Top of Supplied records

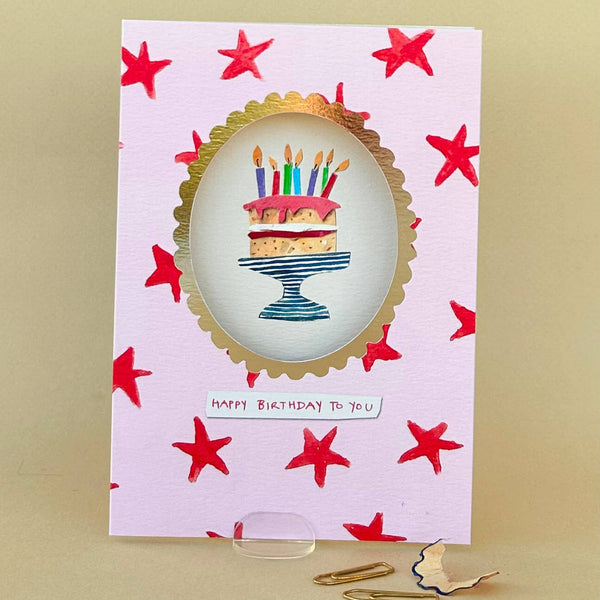 Birthday card with a cake illustration and red stars on a beige background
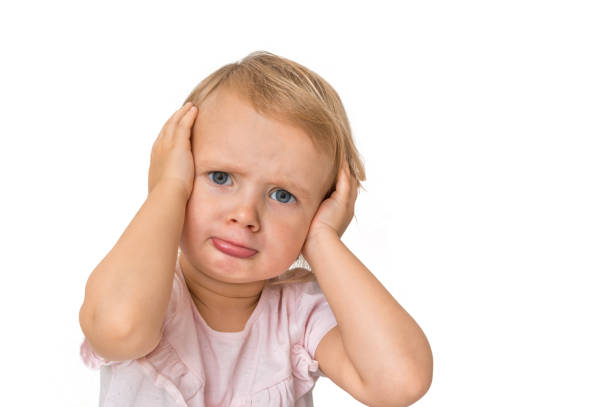 istock Little baby with sad expression in face 1074826164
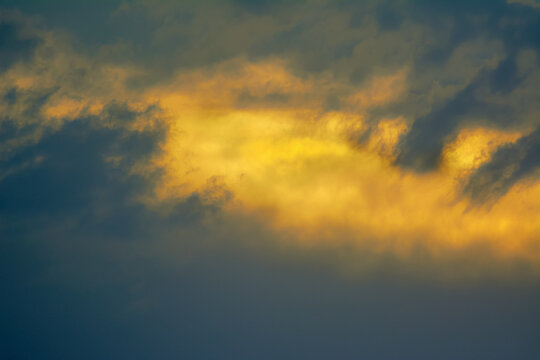 View of dramatic golden sunlight breaking through dark storm clouds in the sky over Jahanian, Punjab, Pakistan.
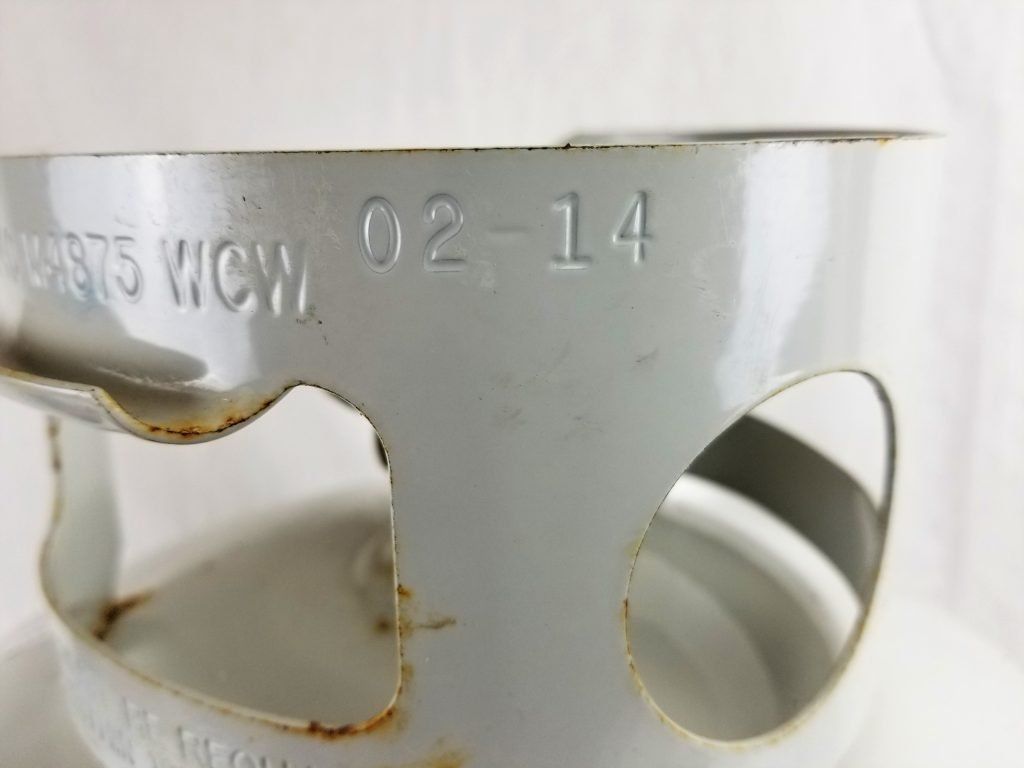 A close up of a metal object with the date 02-14 on it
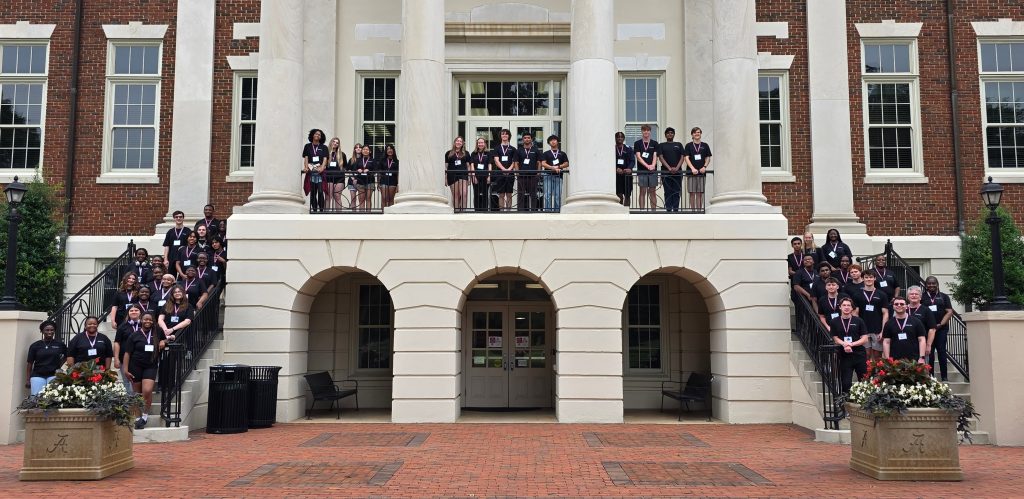2025 AP CSP Camp attendees pose for a photo on the exterior steps of the Honors College.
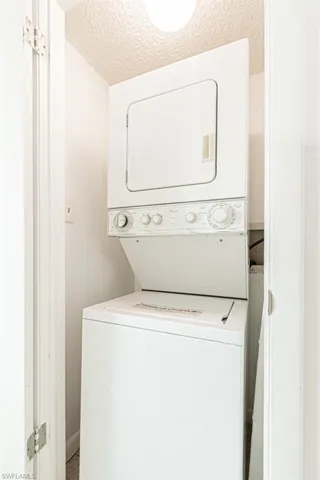 Laundry area featuring stacked washing maching and dryer and a textured ceiling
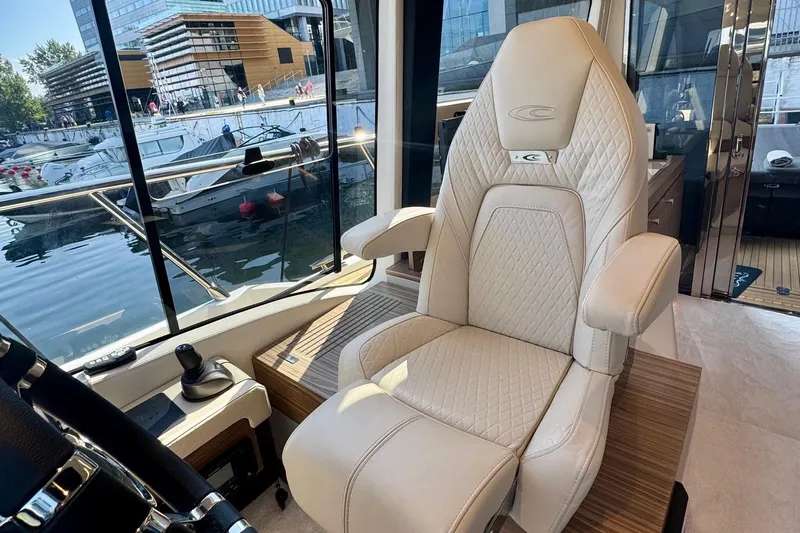 Custom Order Yours Today! Yacht Photos Pics Luxurious interior of 2026 Cobrey 45 FLY yacht with elegant captain's chair and marina view.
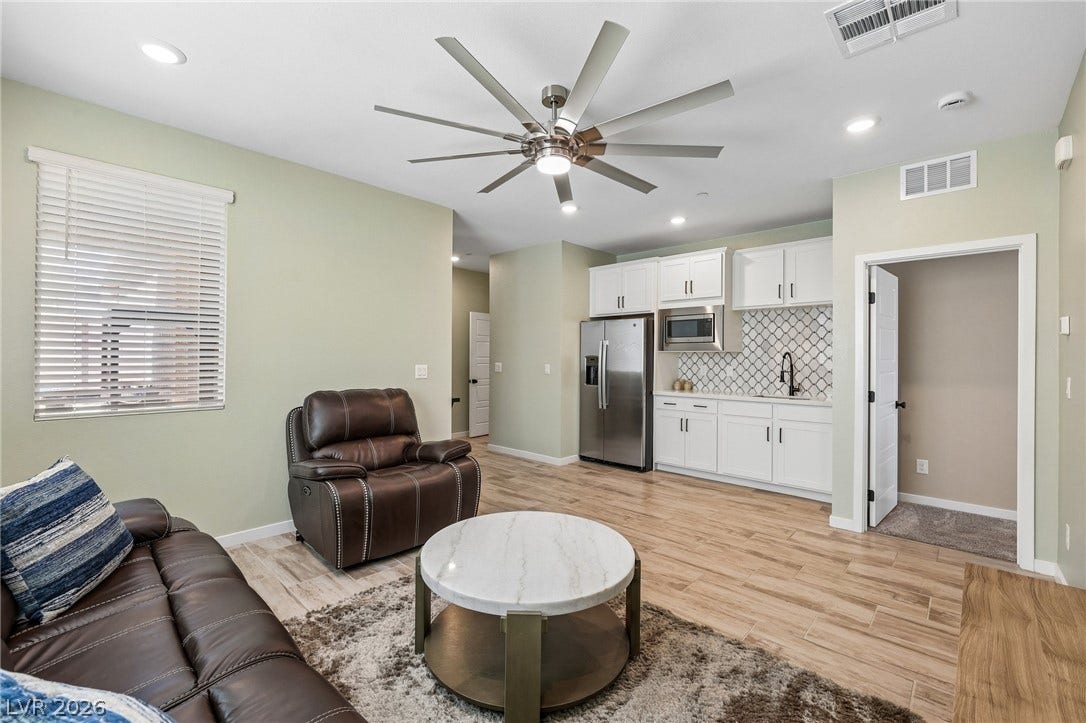 194 Viento Ridge Street, Henderson, NV 89012 Plank flooring and an open layout connect the casual living space to a modern wet bar.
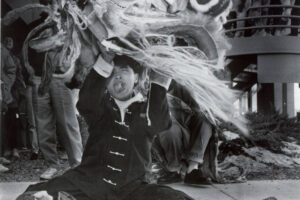 man holding up a traditional Chinese lion costume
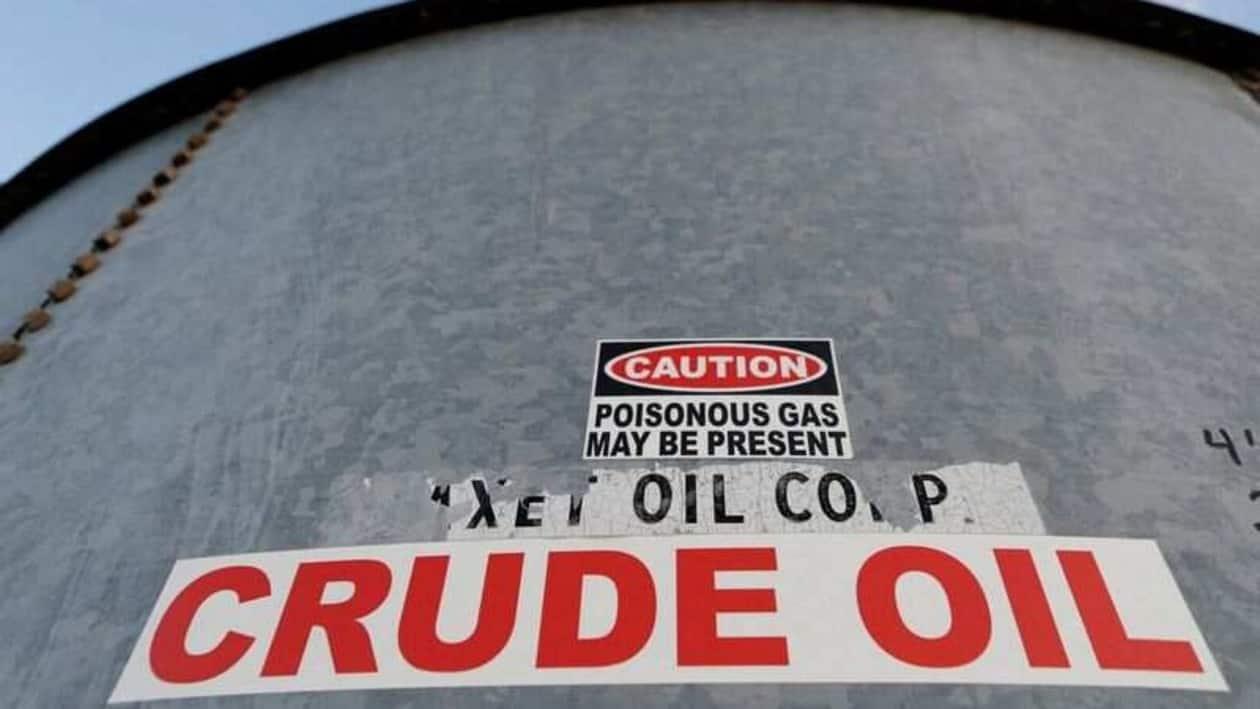 FILE PHOTO: A sticker reads crude oil on the side of a storage tank in the Permian Basin in Mentone, Loving County, Texas, U.S. November 22, 2019. Picture taken November 22, 2019.   REUTERS/Angus Mordant/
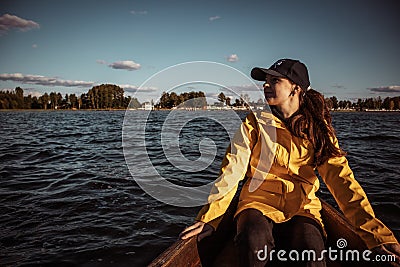 Young woman in yellow raincoat and cap sitting on a boat and looking afield Stock Photo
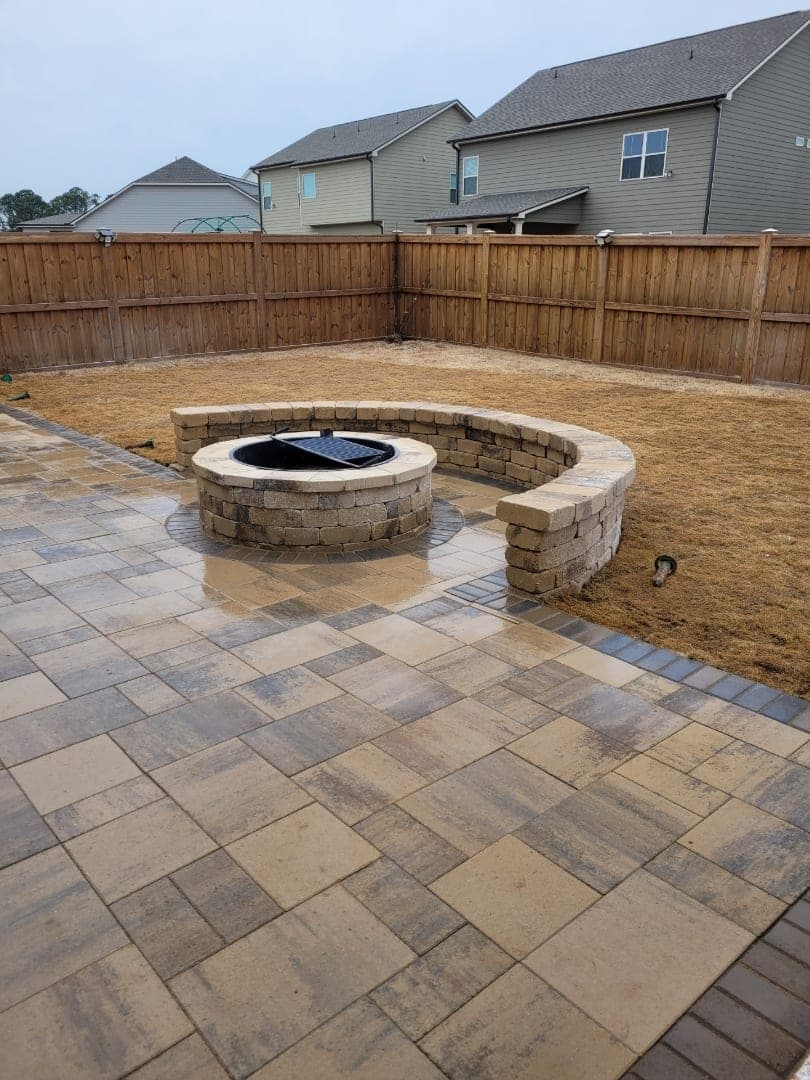 Paver patio with a stone fire pit surround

Bottom of Supplied records

> Description of the task: Repeat the listing verbatim. Skip the pictures.

> Task result:
 Birthday card with a cake illustration and red stars on a beige background
 istock Little baby with sad expression in face 1074826164
 View of dramatic golden sunlight breaking through dark storm clouds in the sky over Jahanian, Punjab, Pakistan.
 A close up of a metal object with the date 02-14 on it
2025 AP CSP Camp attendees pose for a photo on the exterior steps of the Honors College.
 Laundry area featuring stacked washing maching and dryer and a textured ceiling
 Custom Order Yours Today! Yacht Photos Pics Luxurious interior of 2026 Cobrey 45 FLY yacht with elegant captain's chair and marina view.
 194 Viento Ridge Street, Henderson, NV 89012 Plank flooring and an open layout connect the casual living space to a modern wet bar.
 man holding up a traditional Chinese lion costume
 FILE PHOTO: A sticker reads crude oil on the side of a storage tank in the Permian Basin in Mentone, Loving County, Texas, U.S. November 22, 2019. Picture taken November 22, 2019.   REUTERS/Angus Mordant/
 Young woman in yellow raincoat and cap sitting on a boat and looking afield Stock Photo
 Paver patio with a stone fire pit surround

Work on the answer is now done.